History, We Don’t Need No Steenkin’ History
The BBC reports on a study by a British think tank: Report warns against Iran attack
The Oxford Research Group report is written by nuclear scientist and arms expert Frank Barnaby.
“If Iran is moving towards a nuclear weapons capacity it is doing so relatively slowly, most estimates put it at least five years away,” he says.
Mr Barnaby adds that an attack on Iranian nuclear facilities “would almost certainly lead to a fast-track programme to develop a small number of nuclear devices as quickly as possible”.
He says it “would be a bit like deciding to build a car from spare parts instead of building the entire car factory”.

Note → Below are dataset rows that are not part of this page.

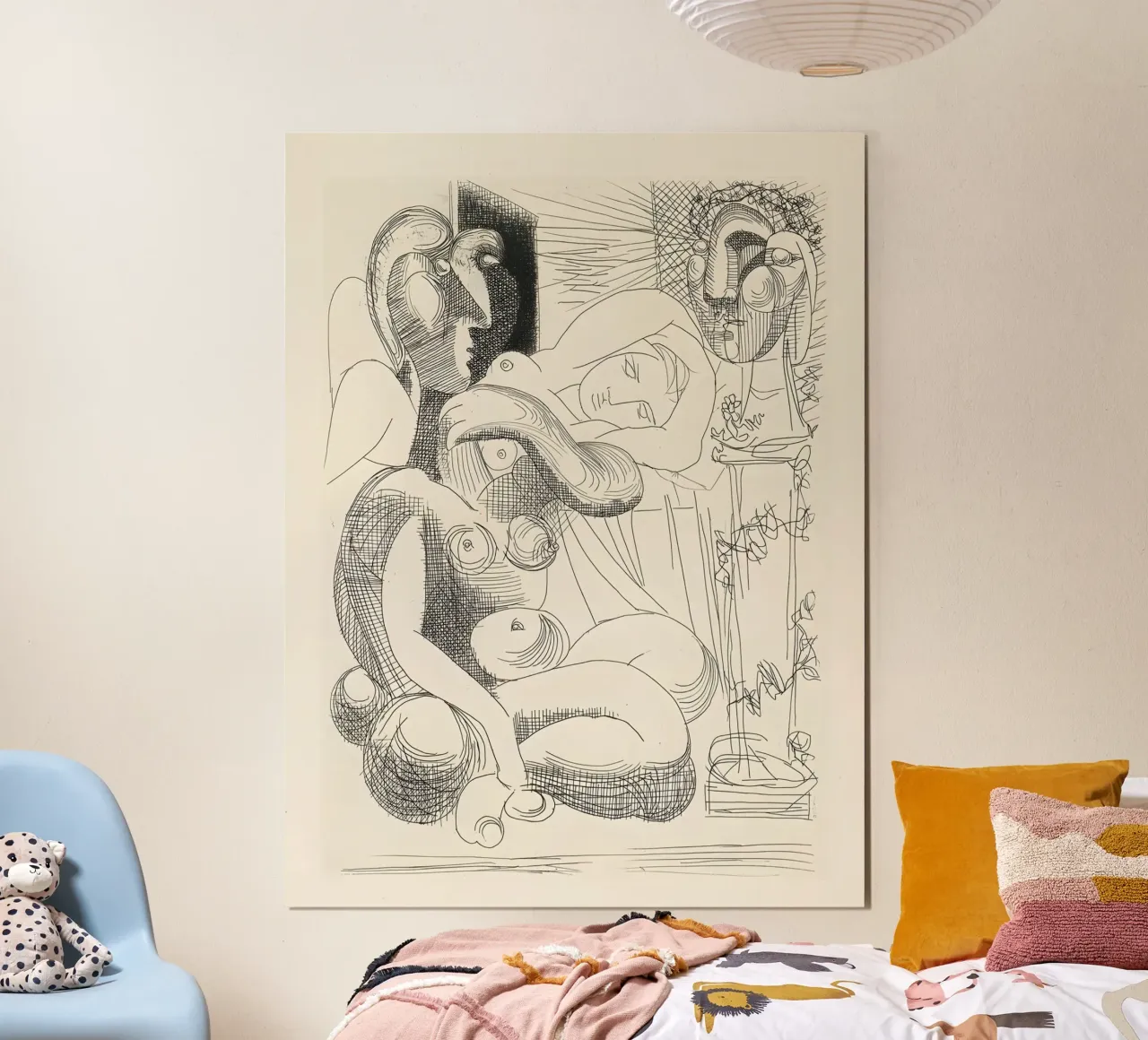 Picasso "Figure Studies" Surrealist Line Art Print Poster mit Aluminium Rahmen von homdeco
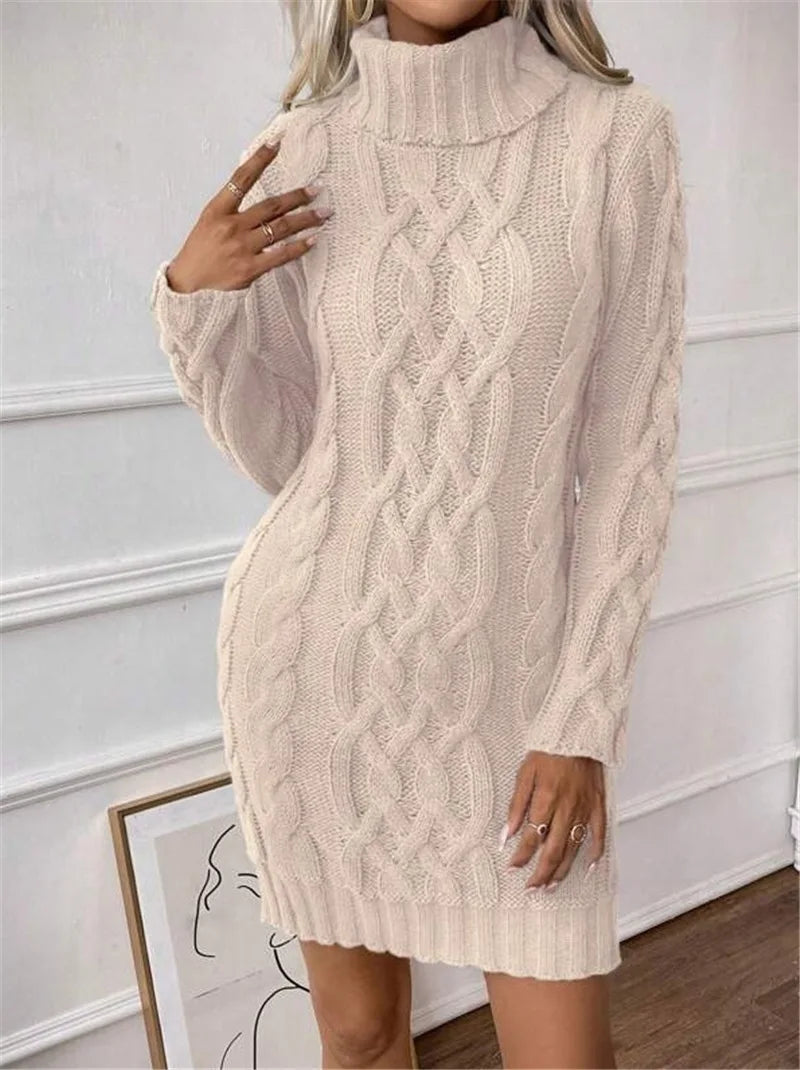 CABLE KNIT ROLL NECK DRESS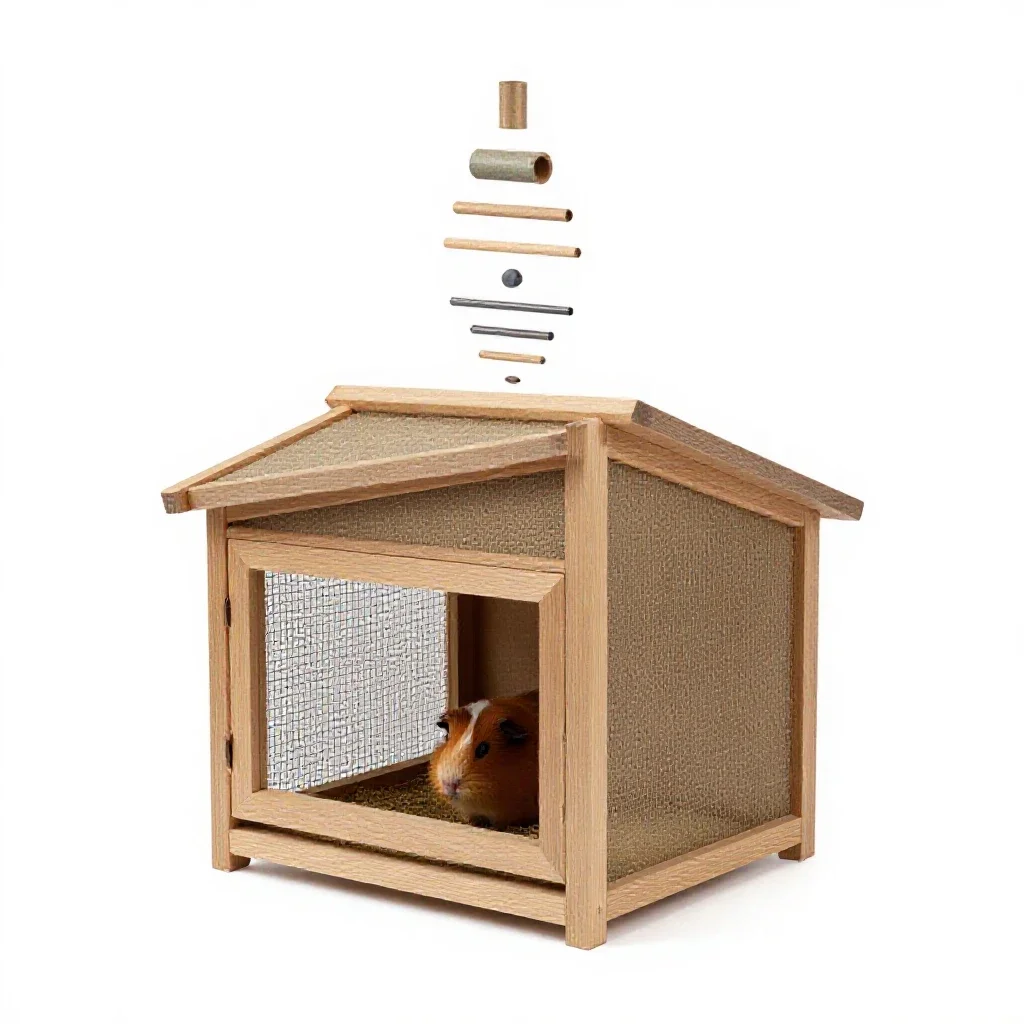 Guinea pig hutch isolated on a white background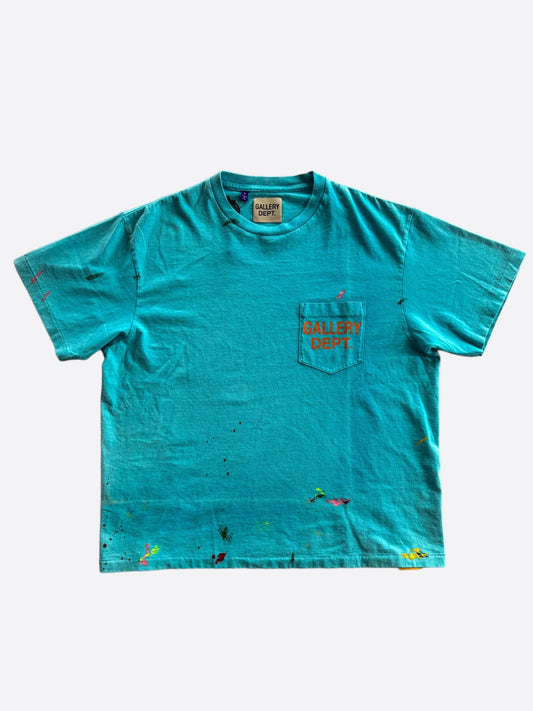 Gallery Dept Turquoise Paint Splatter Logo T-Shirt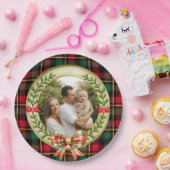 パーソナライズされた写真枠とクリスマスリース ペーパープレート (パーティー)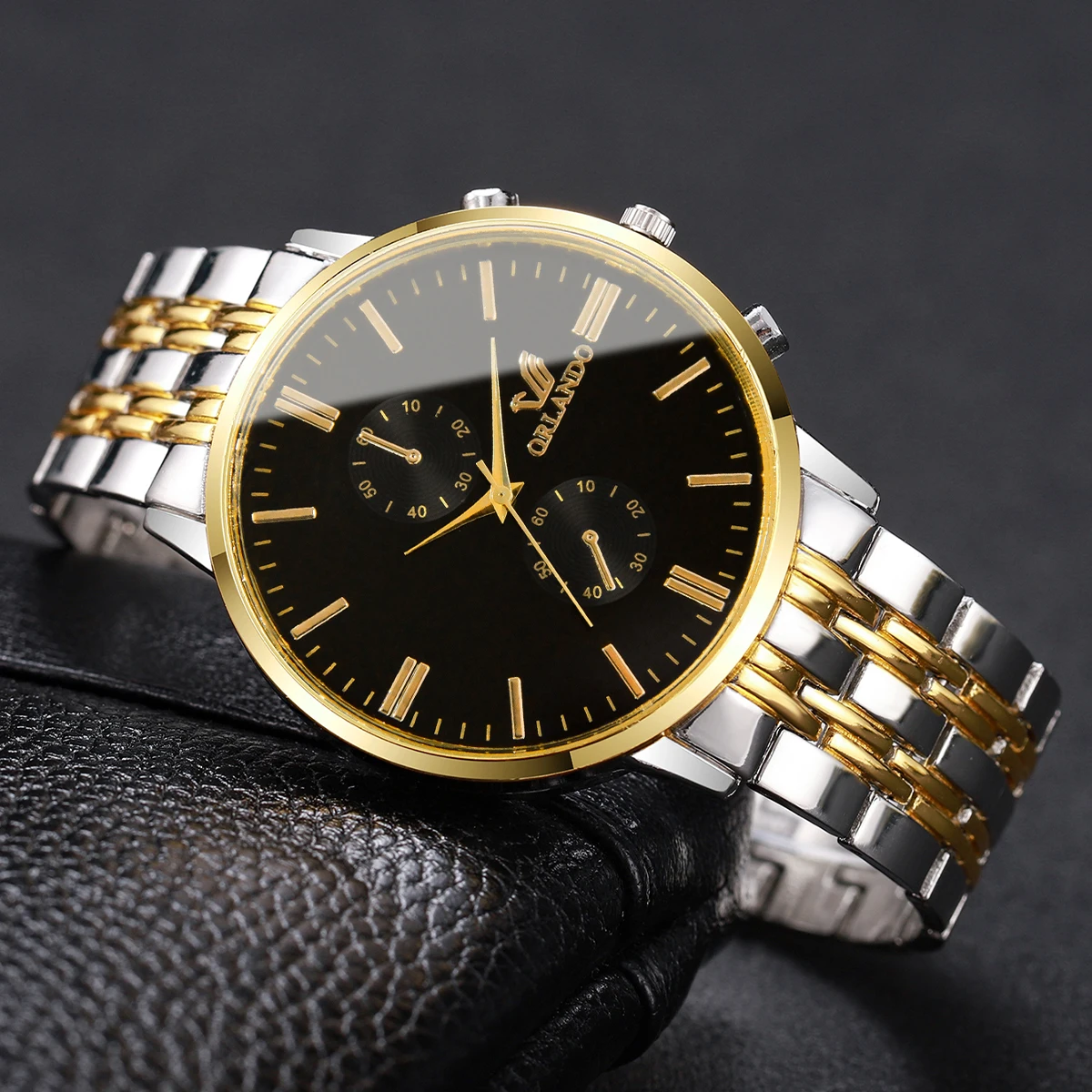 ساعة كوارتز رجالية فاخرة موضة الطلب الكبير التناظرية ساعات رجال الأعمال Reloj Hombre (بدون صندوق)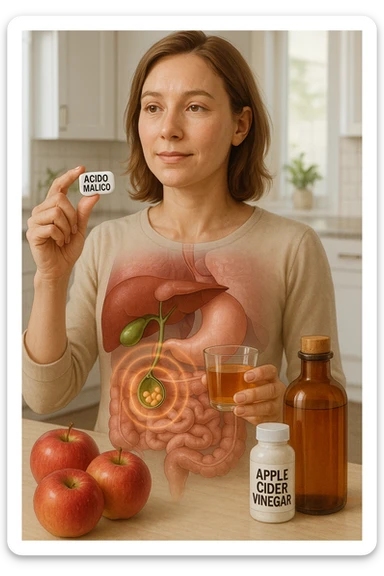 A detailed, realistic illustration or photo-style image showing a person holding a small glass of apple cider vinegar in one hand and a capsule labeled ‘Acido Malico’ in the other. In the foreground or as an overlay, a semi-transparent anatomical view of the abdomen highlights the gallbladder with visible small gallstones inside. Around the gallstones, gentle glowing waves or soft dissolving effects symbolize the softening or breakdown of the stones due to the natural acids. The person looks hopeful and calm, in a bright kitchen setting with fresh apples and natural health products on the counter. The overall mood is informative, natural, and hopeful about non-invasive, natural support for gallstone health sticker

The BBC then commits an act of blatant journalism, by assigning Gordon Corera , a security correspondent, to look at the claims in Iran: Can a military strike work?
In June 1981, eight Israeli fighter jets took only 90 seconds to destroy Iraq’s Osirak reactor in an audacious bombing raid. It is sometimes cited as a precedent for a US or Israeli (or joint) attack on Iran, but is it really a useful parallel?
[snip]
But did the Osirak raid stop – or even significantly slow down – the Iraqi nuclear programme?The evidence is not conclusive. In terms of intent, the raid did not stop Saddam Hussein, it only forced him to change tactics for achieving his goal of a nuclear bomb and also intensify his work.
So, we only really have this attack on Saddam to look at, but the 1981 attack didn’t stop nuclear development, and Saddam had all of his “eggs in one basket”, a single, unhardened project.
The Iranians are well aware of what happened to Iraq’s reactor and have dispersed their program, putting much of it in underground bunkers. Part of the problem the IAEA inspectors have in assessing the Iran program is that there is no way of knowing if they have seen all of it. Given what happened in Iraq, it is unlikely that Iraq would be totally forthcoming.
Essentially, if the US or Israel attacks Iran, we will be stuck with $100 to $300 per barrel oil, economic collapse, and very possibly Iran joining the “nuclear club” in half the time of the current program, if such a program exists.
For those who just woke up: Saddam was unable to prove that he didn’t have WMDs and was attacked. We now know he didn’t. How does Iran prove it doesn’t have a nuclear weapons program? How would you prove you don’t have a unicorn?